Anas Haque1, Abhaynath Kumar2, Praveen Patel3

1,2M. Tech Student, 3Professor,

Department of Fire technology and Safety Engineering, IES-IPS Academy, Indore (M.P), India

Abstract In the modern world fire and explosion modeling is one of the most important tool to control and detect the intensity of any fire and the explosion and also the intensity of accidents can be predict by the fire modeling. The fire modeling which is used in the analysis of fire behavior like heat release rate, flame height, plume etc similarly explosion modeling which is used to evaluate the pressure wave, fire ball including vapor cloud explosions, boiling liquid expansion vapor explosions, the storage tank explosions. This paper gives an overview to the fire and explosion modeling on a storage tanks, as the storage tanks contain bulk amount of flammable substances (both liquids and gases). Such modeling can be used in minimize the impacts of fire and explosion and can also be used as an important tool to develop emergency preparedness plan.

Keywords Heat Release Rate; Flame Height; Fire Ball; Pressure Wave; Thermal Radiation;Duration of Boiling liquid Expansion Vapor Explosion.


    Modeling is an inherent part of research in science and its application to fire is as older as scientific research into fire behavior itself. Modern fire research was published in power of computers, has given rise to highly complex models that can only be implemented as computer fire models. While computer fire model have popularized fire modeling, these computer based models do not suffer substantially from earlier fire models, they just are more complex and possess greater capabilities. The importance of modeling, in its application to fire safety design, has grown in past decade, with this widespread application comes a critical need for detailed understanding and appropriate use of models related to the problem in concern.
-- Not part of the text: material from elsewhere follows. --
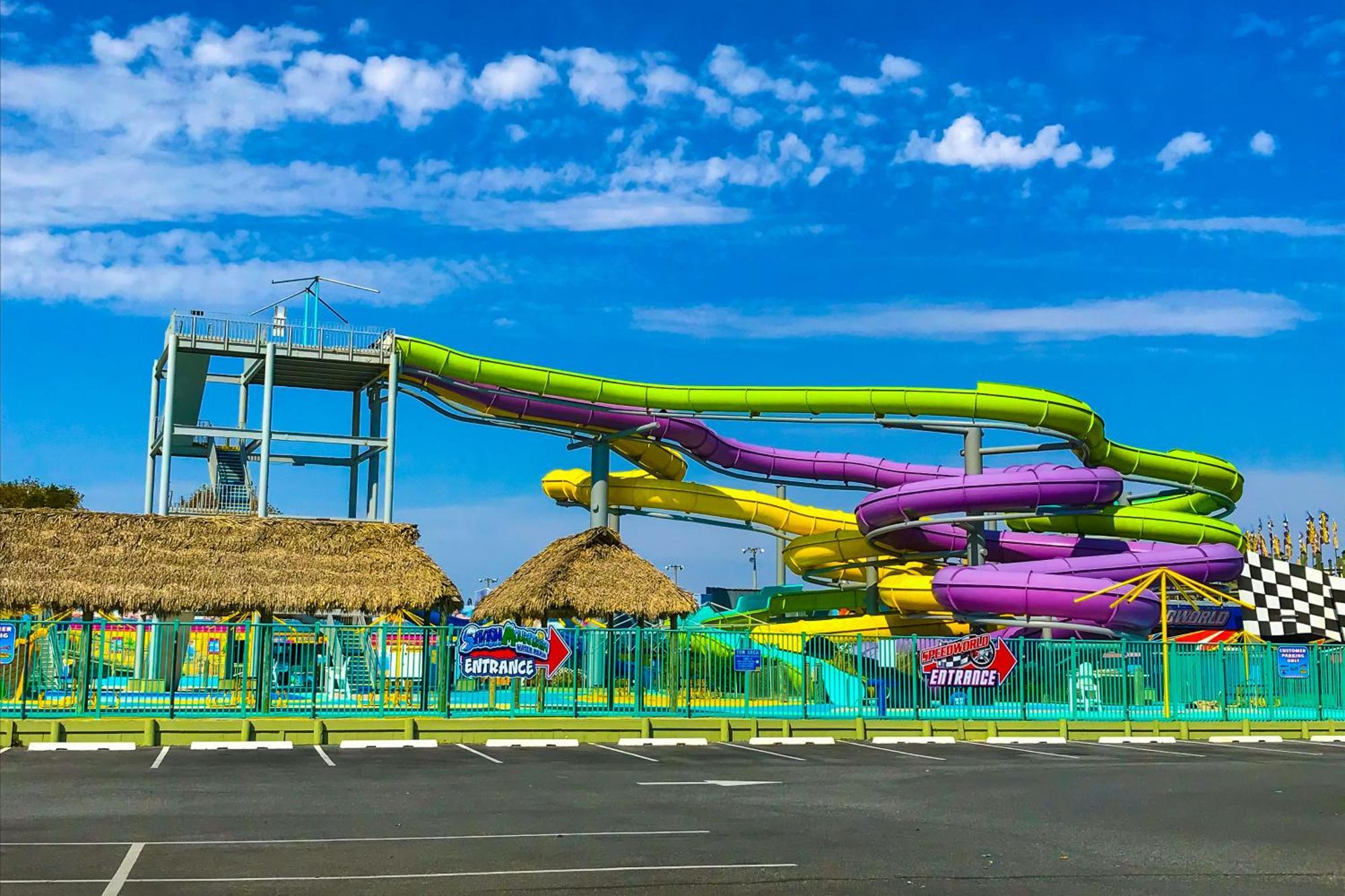 אושן סיטי Sea Watch Condos VII חדר תמונה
    Fire has many highly complex phenomena and no single fire model describes all these phenomena at the same level of detail. The fire models predict the environmental condition with one or more physical bounded spaces. It predicts heat release rate, flame height, plume, smoke, radiant heat flux to the target, mass loss rate are produced by fire and how each of these variables is distributed over the time. Similar the explosion models predict the fire ball, height of the fire ball, intensity of radiation from the fire ball to the target, blast wave and over pressure. The most important points about the model which are currently exits must be their capabilities and application. In many situations the results are in good agreement with the experiments, but it is important to keep in mind that the models have their limitations so the choice of

    model depends upon the level of accuracy, details required and time available for the calculations.


    1. Character

      First In The collection of data is basically concerns to those areas where there are the storage of the flammable substances are done. Many industries used the flammable substances either in liquids forms like oils, petrol, diesel, paints etc or in gas like propane, butane, compressed gases etc. Some industries process these flammable substances from crude oil and separate them into various intermediate products. Some of them only stored them for supplying purposes like depots some of them has house hold installations. Ware house is also one of them where the bulk storage of flammable substances has been stored. A very special precaution has to be taken at a place or area where the flammable substances are stored because any leak or mistake or equipment malfunction leads to the deteriorate result.

    2. Storage

      The storage tanks are defined as Atmospheric Pressure Storage Tank and Low Pressure Storage Tank The tanks which are designed as per API STD-650 or equivalent are called Atmospheric Storage Tanks These tanks are designed to operate at internal pressure equal to the atmospheric pressure. Those tanks which are designed as per the API STD- 620 or equivalent called Low pressure Storage Tank These tanks are designed to operate at a pressure at a pressure exceeding those permissible in API STD-650. So in the construction of the tanks the main features which keep in mind are Dimensional Accuracy, Robust Construction, Abrasion resistance and High Tensile Strength. All these properties make the tanks self sufficient and strong enough to take all kinds of loads and resist the conditions like environmental conditions, over pressure, over filling, temperature difference. In study the structure of the tank the following dimensions have to determine like material, weight, thickness, designed pressure, designed temperature, maximum diameter, maximum length, design code, type of substances, capacity of substances, maximum filling ratio.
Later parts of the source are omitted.